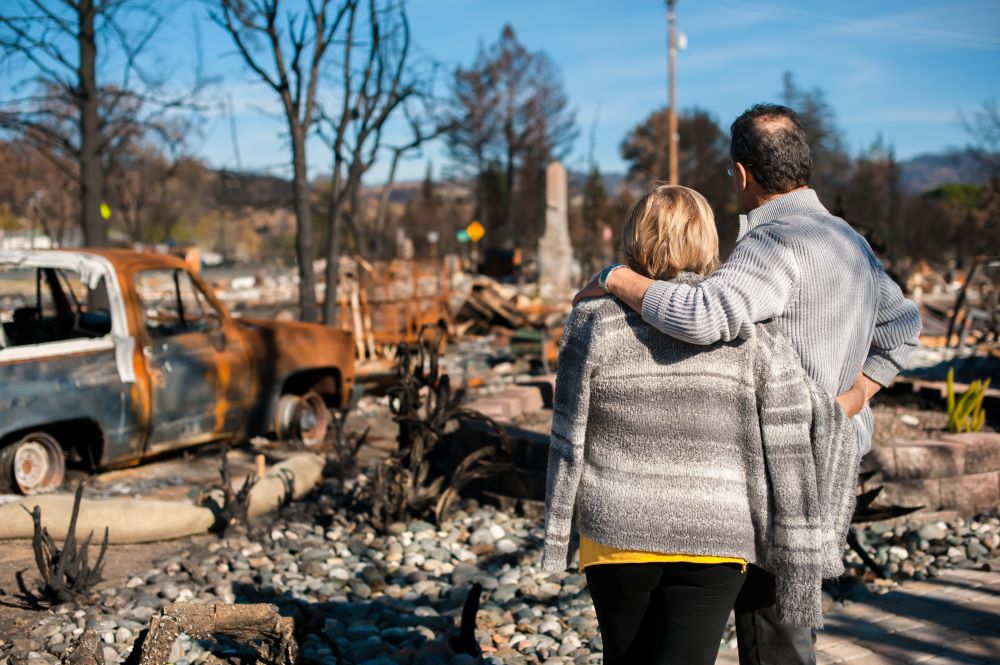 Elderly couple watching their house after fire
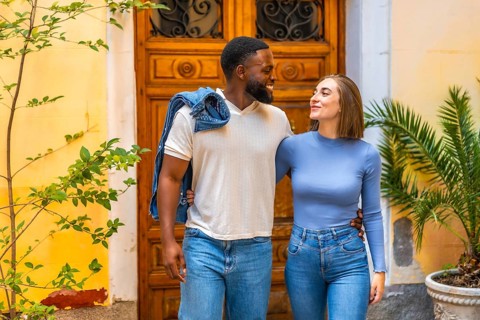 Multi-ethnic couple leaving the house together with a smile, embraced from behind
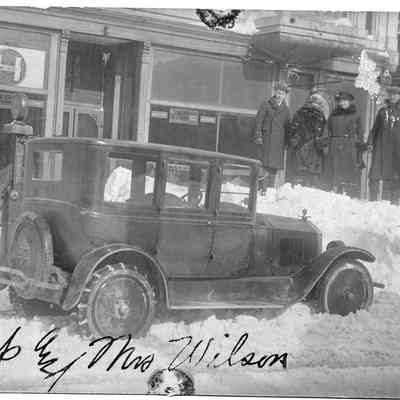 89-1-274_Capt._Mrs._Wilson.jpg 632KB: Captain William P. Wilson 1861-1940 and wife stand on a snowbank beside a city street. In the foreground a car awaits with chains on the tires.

----

The answer must be the full listing above, copied exactly, with no pictures in it.

• EXERCISE RESPONSE
 Elderly couple watching their house after fire
 Multi-ethnic couple leaving the house together with a smile, embraced from behind
 89-1-274_Capt._Mrs._Wilson.jpg 632KB: Captain William P. Wilson 1861-1940 and wife stand on a snowbank beside a city street. In the foreground a car awaits with chains on the tires.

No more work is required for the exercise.